2011-02-23 16:12:52 | 国際的な金融監督機関・金融制度改革



 2月21日、金融庁は「バーゼル銀行監督委員会による『金融と実体経済の波及経路に関する文献サーベイ(The transmission channels between the financial and real sectors:a critical survey of the literature)』の公表について」と題するリリースを行った(日本銀行もまったく同内容のリリースを行っている)。
 例のごとくであるが、今回も「詳細につきましては、以下をご覧ください」という文言のみで同委員会の当該リリース・サイト(英文)へのリンクが張られているのみである。

 筆者は、常日頃からこのような金融機関だけでなく研究者や広く国民に対する情報公開の観点から、その公表文や「要旨」部分だけでも仮訳で提供すべきと考えている。
 さらにいえば、わが国の金融規制監督とBISとの関係を正確に理解したり、欧米主要国の金融規制監督のあり方を巡る最新の情報についてより具体的な情報提供も金融庁や日本銀行の重要な任務であると感じている。
(注1)

 このような問題意識を背景として、今回のブログでは久しぶりに作業部会の設置目的や同ペーパーの持つ意義等について簡単な導入解説を試みた。わが国の金融・経済の専門家による本格的な批判的検討を期待したい。
(注2)
 なお、本報告に引用される専門用語について参考として筆者なりに調べた範囲で注記を加えた。その内容の補完を含めたレポートを期待したい。


1.本報告の作成背景と検討範囲
 まず、本ワーキング・ペーパーの標題である。リリース内容や本文から見て多少意訳とはなるが「金融部門と実体経済部門間の波及経路に関する既存の経験的分析に基づく研究文献に対する批判的考察(第一次報告)」と訳すのが本来であろうと思う。

(1)国際決済銀行(BIS)は特別調査委員会のもとに「金融部門と実体経済部門間の波及経路に関する作業部会」を設置
 その設置目的は、各国金融当局が最大の研究課題としている金融安定化のための研究にあたり金融と経済の実態部門の間にある波及経路(効果)の正確な理解は重要な要素といえる。
 「強固で安定的な金融システム」とは、プロパガンダや無意味な増幅を招く金融ショックに対抗しうる強さを持ち、かつ利益を確保できる投資機会に向けた貯蓄の配分において限定的な影響にとどまらせるものであると見られている。

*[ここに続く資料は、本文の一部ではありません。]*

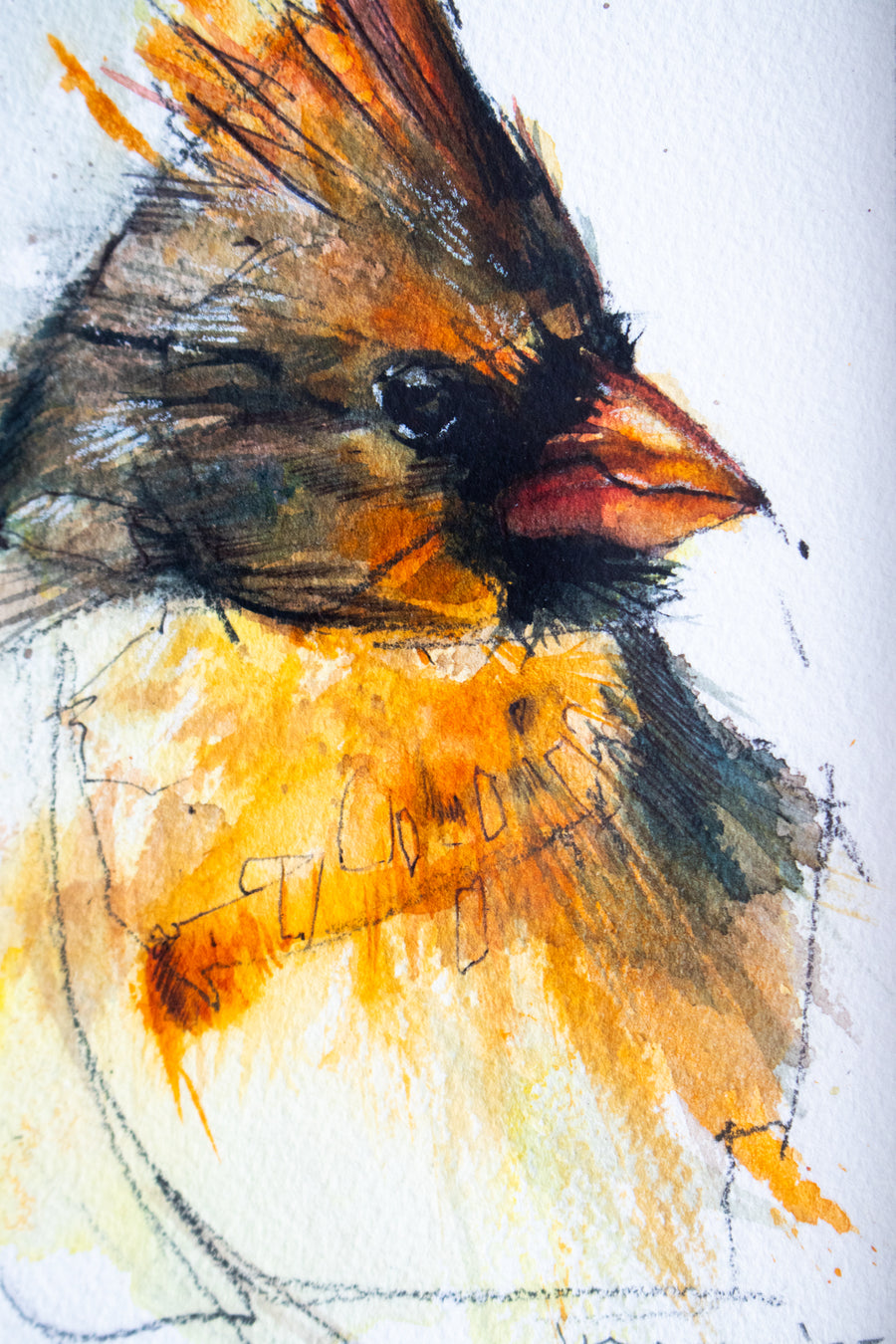 Female Cardinal | 7x9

 実際に、金融安定化の定義や金融監督における「マクロ健全性(macroprudential)」といった取組みは、「G20金融サミット」や「金融安定化理事会(Financial Stability Board)」(注3)等の金融安定化支援国家・機関は、これは金融システム機能のマクロ健全性の破壊の結果であるという見方を強調している。

 この問題の重要性に鑑みて、銀行監督委員会は金融部門と実体経済部門間の波及経路に関する検討作業グループ(Research Task Force on the Transmission Channels: RTF-TC group)をあらたに設置した。より具体的にいうと、本作業部会は既存の研究文献を批判的に見直すことおよび既存の枠にとらわれない検証を命じられたものである。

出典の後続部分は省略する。